Faced with threats of demonstrations and a boycott, Christopher Street West (CSW) has announced major changes in the programming and ticket price for the June 10-13 LA Pride parade and festival.
In a letter distributed today, the CSW board said: “We heard you and we are sorry.”
“As an LGBTQ community based nonprofit organization, Christopher Street West has strived to create an annual Pride celebration that brings our entire community, friends and allies together in celebration of the unique diversity that makes each of us a valued member of society.
“As a mostly new governing board our goal was to create the best LA Pride experience to date,” the letter states. “As we endeavored to create such an event we have made a few missteps along the way that have left valued members of our community feeling left out or under appreciated. This was never our intention. We’ve heard your concerns and objections and we sincerely apologize.”
CSW has agreed to offer free admission to its Friday event. Originally it had proposed charging $35 at the festival gate. After pressure from community members, CSW had agreed earlier this week to free admission from 6 to 8 p.m. and a $10 charge after that and to give free admission to transgender people, who had complained that CSW was reducing festival programming for their community. Now no one will have to pay to enter the festival on Friday.
CSW also announced some programming changes, responding to complaints that it had reduced programming for transgender people and lesbians. “Friday night on the main stage will continue to be a celebration of women with an all-female lineup and the annual Dyke March. The Trans Social, a new Youth Dance and a Vogue Ball will also remain as a part of Friday’s programming. Several activations and new experiences will be eliminated as a result in order to balance the Friday night budget but the Festival will maintain its stellar list of scheduled performances including Krewella, Faith Evans, Da Brat and María José. ”
CSW said the annual Trans Social event will occur again, staged on the West Hollywood Library lawn on Friday from 6 to 10 p.m.
CSW also said it was cutting the price of tickets purchased in advance beginning May 17 from the previously announced $30 to $25. Last year tickets purchased in advance went for $20, and CSW’s proposed 50% increase spurred opposition from many LGBT community members and groups. Tickets purchased at the gate on Saturday and Sunday will go for $30, a reduction of five dollars from the formerly proposed $35. Discounted weekend passes are available for those wanting to attend every day of the festival. “We are still working with our partners on proving FREE tickets to community members including our Volunteer program which provides a free day General Admission pass for anyone who volunteers for a four hour period,” CSW said.
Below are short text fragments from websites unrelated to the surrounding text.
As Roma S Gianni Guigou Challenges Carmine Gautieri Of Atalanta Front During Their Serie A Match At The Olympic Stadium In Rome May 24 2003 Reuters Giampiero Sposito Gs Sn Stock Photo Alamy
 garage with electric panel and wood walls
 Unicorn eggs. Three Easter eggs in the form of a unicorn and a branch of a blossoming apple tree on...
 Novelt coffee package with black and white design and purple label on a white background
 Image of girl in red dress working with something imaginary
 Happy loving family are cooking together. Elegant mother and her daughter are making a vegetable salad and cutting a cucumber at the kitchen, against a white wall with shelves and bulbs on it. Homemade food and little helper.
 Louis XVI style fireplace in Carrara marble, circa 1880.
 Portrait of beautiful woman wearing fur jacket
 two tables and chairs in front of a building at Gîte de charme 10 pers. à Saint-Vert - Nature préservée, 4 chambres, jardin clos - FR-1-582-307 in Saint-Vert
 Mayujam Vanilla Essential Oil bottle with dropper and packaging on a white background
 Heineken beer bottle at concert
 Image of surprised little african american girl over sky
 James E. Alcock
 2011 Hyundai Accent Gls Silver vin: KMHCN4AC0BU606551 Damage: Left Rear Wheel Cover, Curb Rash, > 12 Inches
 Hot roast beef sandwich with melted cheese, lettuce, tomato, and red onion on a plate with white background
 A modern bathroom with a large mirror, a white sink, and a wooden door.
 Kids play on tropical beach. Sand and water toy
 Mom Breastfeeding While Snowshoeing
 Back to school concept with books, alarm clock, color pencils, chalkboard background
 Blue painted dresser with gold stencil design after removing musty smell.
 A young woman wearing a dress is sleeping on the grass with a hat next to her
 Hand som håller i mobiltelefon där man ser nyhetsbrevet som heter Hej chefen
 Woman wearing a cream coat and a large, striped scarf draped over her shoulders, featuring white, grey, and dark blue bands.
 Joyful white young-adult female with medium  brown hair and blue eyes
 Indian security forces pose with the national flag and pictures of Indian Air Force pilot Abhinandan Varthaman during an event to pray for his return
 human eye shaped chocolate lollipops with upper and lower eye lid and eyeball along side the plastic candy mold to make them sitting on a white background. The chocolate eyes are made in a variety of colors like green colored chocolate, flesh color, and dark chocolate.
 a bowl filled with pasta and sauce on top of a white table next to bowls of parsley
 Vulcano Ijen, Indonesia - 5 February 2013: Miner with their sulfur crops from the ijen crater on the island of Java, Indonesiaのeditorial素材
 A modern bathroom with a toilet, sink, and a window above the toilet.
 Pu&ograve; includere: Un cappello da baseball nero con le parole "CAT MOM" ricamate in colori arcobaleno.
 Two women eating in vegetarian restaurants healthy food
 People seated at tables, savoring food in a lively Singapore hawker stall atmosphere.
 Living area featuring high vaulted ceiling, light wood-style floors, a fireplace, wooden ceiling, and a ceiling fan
“As we begin planning for 2017’s LA Pride Festival and Parade, we look forward to engaging the entire community in planning next year’s celebration. ”
CSW also has apparently dropped the term “music festival” from its promotions. Its decision to shift the focus of the festival to a series of music events focused on Millennials, a term used to describe people ages 18 to 34, was especially contentious. Lesbian activist Ivy Bottini addressed CSW’s focus on Millennials in comments at a City Council meeting earlier this month and at a meeting of the CSW board. “That letter was probably the most ageist thing I have heard in this community since I got here in 1975,” she said, referring to a letter that CSW President Chris Classon sent to council members after an opinion piece in WEHOville by Larry Block that made much of the festival controversy public. In his letter, Classon said the festival’s target audience was young people who are best reached through music.